Animals care nothing about keeping up appearances.  Observe Bertram the Bull when things are not going just as he could wish.  He stamps.  He snorts.  He paws the ground.He throws back his head and bellows. He is upset, and he doesn't care who knows it.  
As long as this nurse was around, there was always the danger that I might forget my better nature and decide that Bertram the Bull had the right idea.

Monday, May 11, 2015

An irritating nurse - I

Sometime back, I had a nurse  who the agency said was very experienced, had looked after quadriplegic patients and would be able to look after all the needs of the patient without trouble. All agencies say this so not much confidence could be placed on it. The part about experience was not very reassuring because rarely had a nurse handled a quadriplegic who could not speak so any experience would have had limited relevance.

The first and foremost problem with her was that she was never able to understand my basic communication of one blink for 'yes' and no blinks for 'no'. When I indicated that I wanted something, she would ask whether it was about pillow, hand, fan, etc. but was unable to understand what I was saying. She would randomly adjust various things which would make matters worse till my eloquent eyes discouraged further investigations.

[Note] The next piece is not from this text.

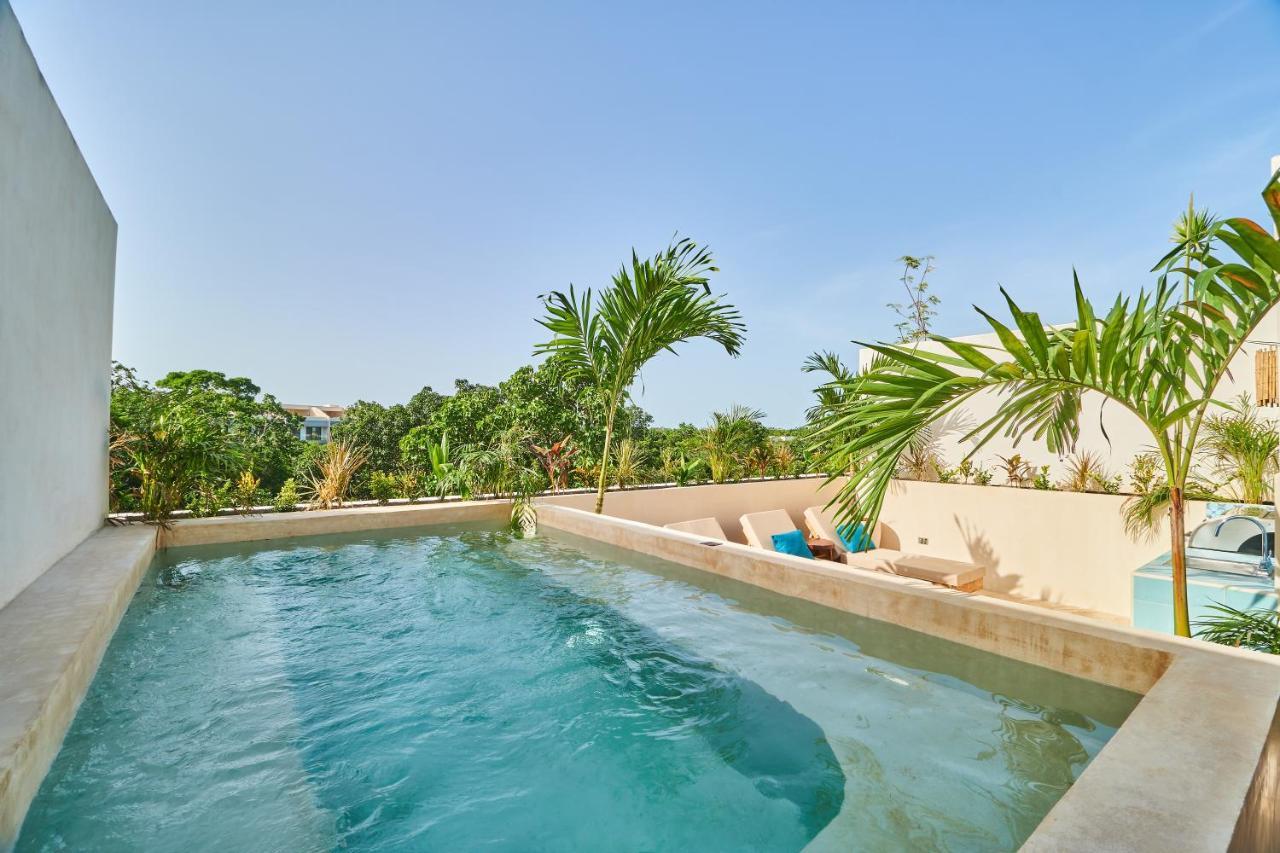 Spacious & Comfy Penthouse Oasis With Plunge Pool Tulum Kültér fotó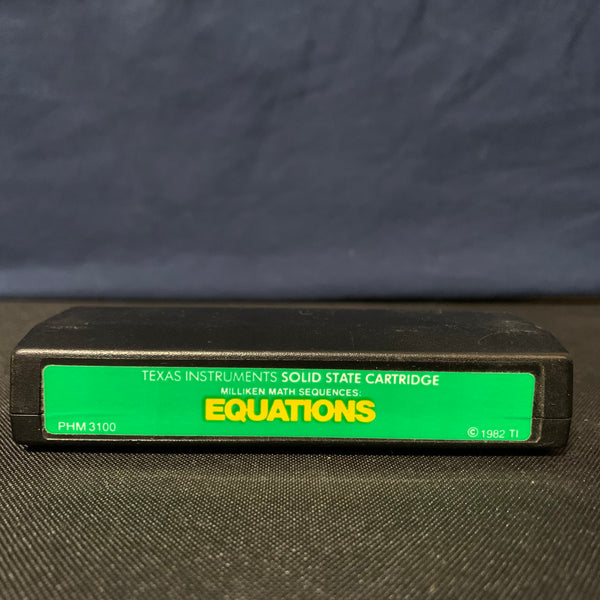 TEXAS INSTRUMENTS TI 99/4A Equations tested Milliken educational cartridge math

I always want the nurses to close the door when my motion is being cleaned. This nurse would often forget it in spite of being told to do so numerous times. On one such occasion, when she forgot to close the door, I kept turning my head towards the door and making some croaking sounds. She understood that it was about the door and kept insisting that she had closed and bolted it which I could see wasn't the case. All she had to do was to turn and look at the door and the mystery would have been solved but she was reluctant to do it.

At times like this it is a good idea to ask the question, 'What would Sherlock Holmes have done?' But this did not help. The famed resident of 221B Baker Street had only handled murders, burglaries and international intrigues. This was a lot more tricky.I could not expect Luck to do the heavy lifting at all times. I had to occasionally give it a push with my own effort.

Not being known to act with promptness and dispatch in sticky situations (or in any situation for that matter), I had to fall back on my tried and trusted eyes to convey the gravity of the situation. They screamed at her in helpless anger, 'Look at the bloody door!' There were some fruity words long suppressed swirling about in my mind struggling for utterance. It is said that meaningful silences are better than meaningless words. I am full of meaningful silences and this was as meaningful as any. (My meaningless words are reserved for the blog.)

The usual clonus set in and my  hands and legs began to have the typical shivering movements. The nurse finally got the message, turned towards the door and found it wide open. Mission accomplished.  If she had looked at me sheepishly, I would have laughed over the incident. What irritated me further was that the nurse pottered towards door muttering under her breath as if she was annoyed that I had pointed out her error.

At this time, Sujit developed some health issues and had to be hospitalised for a few days. This meant that Jaya had to be in the hospital for extended periods of time leaving me to deal with  the whims of the nurse. This was a situation that could not have been avoided and I had no option but to depend on Lady Luck. In  A Damsel in Distress,  Wodehouse writes:
Luck is a goddess not to be coerced and forcibly wooed by those who seek her favours.  From such masterful spirits she turns away.  But it happens sometimes that, if we put our hands in hers with the humble trust of a little child, she will have pity on us, and not fail us in our hour of need. 
I decided that Wodehouse knew what he was talking about. I am pleased to report that my trust was not misplaced. Luck had shaken off her capriciousness and was on her best behaviour. I suffered only the discomforts that I had anticipated and there were no unpleasant surprises.